Core Concepts
Large Language Models, particularly GPT-4 variants, can outperform state-of-the-art techniques in repairing faulty Alloy formal specifications, albeit with a marginal increase in runtime and token usage.
Abstract
The paper presents a systematic investigation into the capacity of Large Language Models (LLMs) for repairing declarative specifications in Alloy, a declarative formal language used for software specification. The authors propose a novel repair pipeline that integrates a dual-agent LLM framework, comprising a Repair Agent and a Prompt Agent.
The key highlights of the study are:
Extensive empirical evaluation comparing the effectiveness of LLM-based repair with state-of-the-art Alloy Automatic Program Repair (APR) techniques on a comprehensive set of benchmarks.
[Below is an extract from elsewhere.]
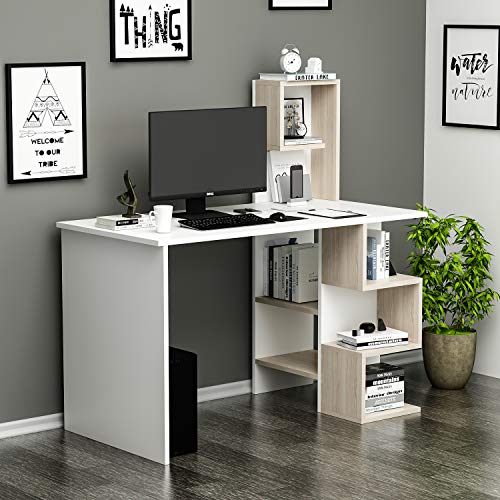 DERONI Schreibtisch - Computertisch - Workstation für Home Office - Kinderzimmer oder Jugendzimmer in modernem Design (Weiß/Avola) von Homidea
The study reveals that LLMs, particularly GPT-4 variants, outperform existing techniques in terms of repair efficacy.
Investigation of the repair performance of various pre-trained LLMs, including GPT-3.5-Turbo, GPT-4-32k, and GPT-4-Turbo, across different feedback levels (No-Feedback, Generic-Feedback, and Auto-Feedback). The auto-feedback approach exhibited the best performance, surpassing traditional state-of-the-art repair tools.
Analysis of the impact of adaptive prompting, showcasing that the use of LLM-generated prompts based on Alloy Analyzer reports leads to enhanced repair performance compared to human-created generic prompts.
Characterization of failure modes encountered during the repair process, including syntax errors, counterexamples, and repetition of buggy specifications, providing insights into the limitations and challenges of LLM-based repair.
Evaluation of the repair costs associated with using the APR pipeline with various LLMs, highlighting the trade-offs between repair effectiveness and computational resources.
The research contributes to advancing the field of automatic repair for declarative specifications and highlights the promising potential of LLMs in this domain.
Stats
The proposed LLM-based repair pipeline outperforms state-of-the-art Alloy APR techniques in terms of the number of successfully repaired specifications, with the auto-feedback approach achieving the highest repair rate.
Quotes
"Large Language Models, particularly GPT-4 variants, can outperform state-of-the-art techniques in repairing faulty Alloy formal specifications, albeit with a marginal increase in runtime and token usage."
"The auto-feedback approach exhibited the best performance, surpassing traditional state-of-the-art repair tools."
"The use of LLM-generated prompts based on Alloy Analyzer reports leads to enhanced repair performance compared to human-created generic prompts."